9.6. In the event of a dispute that cannot be resolved mutually with the Client or any third party associated with the Client, GenomeByte's maximum liability concerning its rendered services shall be limited to the maximum value of the cost of service per month or £500 whichever is lower.

9.7. GenomeByte excludes any liability for indirect, consequential, special, or incidental damages arising out of or related to its services, including but not limited to lost profits, data, business interruption or any other economic loss. In no event shall GenomeByte be liable for any amount exceeding the total fees paid by the Client for the specific service giving rise to the claim. This exclusion applies even if GenomeByte has been advised of the possibility of such damages and regardless of the legal theory under which the claim is made.

10. Miscellaneous

10.1. The Parties may communicate with each other via electronic mail. They acknowledge the risks associated with electronic mail, including but not limited to distortion, delays, interception, manipulation, and viruses. The Parties explicitly state that they will not hold each other liable for any damages incurred as a result of using electronic mail. This disclaimer extends to the use of electronic communication between GenomeByte and third parties, regardless of the form, including entities such as the UK tax authorities. The Parties commit to taking reasonable actions to minimize such risks. In cases where a Party is uncertain about the content of an electronic message received, the content as originated by the sender shall be considered decisive.

10.2. The invalidity or unenforceability of any provision in these Terms and Conditions shall not impact or restrict the validity or enforceability of other provisions herein. In the event of such invalidity or unenforceability, the provision in question will be substituted or deemed to be replaced by one considered valid and enforceable. The interpretation of the substituted provision will closely align with the intent of the invalid or unenforceable provision.

10.3. The Client is not permitted to transfer its obligations and rights under the Terms and Conditions, a quotation or offer by GenomeByte, or any Agreement to a third party without obtaining the prior written consent of GenomeByte.

10.4. If a conflict arises between these Terms and Conditions and an Agreement, the provisions outlined in the Agreement shall take precedence.

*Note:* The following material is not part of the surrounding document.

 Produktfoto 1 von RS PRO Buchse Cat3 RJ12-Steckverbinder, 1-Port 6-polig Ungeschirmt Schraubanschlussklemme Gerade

10.5. The parties involved in this Agreement are independent contractors, and nothing within this Agreement shall establish a partnership between them, designate one party as the agent of the other, or characterize their relationship as a joint venture. Neither party possesses, nor shall they claim to have, the authority or power to act for or create any obligation or responsibility, whether express or implied, on behalf of the other party.

11. Applicable law and jurisdiction

11.1. These Terms and Conditions, any quotation or offer made by GenomeByte or any Agreement shall be governed exclusively by the laws of the United Kingdom. The application of the United Nations Convention on Contracts for the International Sale of Goods is expressly excluded.

11.2. All disputes arising from these Terms and Conditions, any quotation or offer made by GenomeByte or any Agreement, including disputes regarding its existence and validity, that the Parties cannot resolve in mutual consultation, shall be settled exclusively by the competent court in London, England, United Kingdom.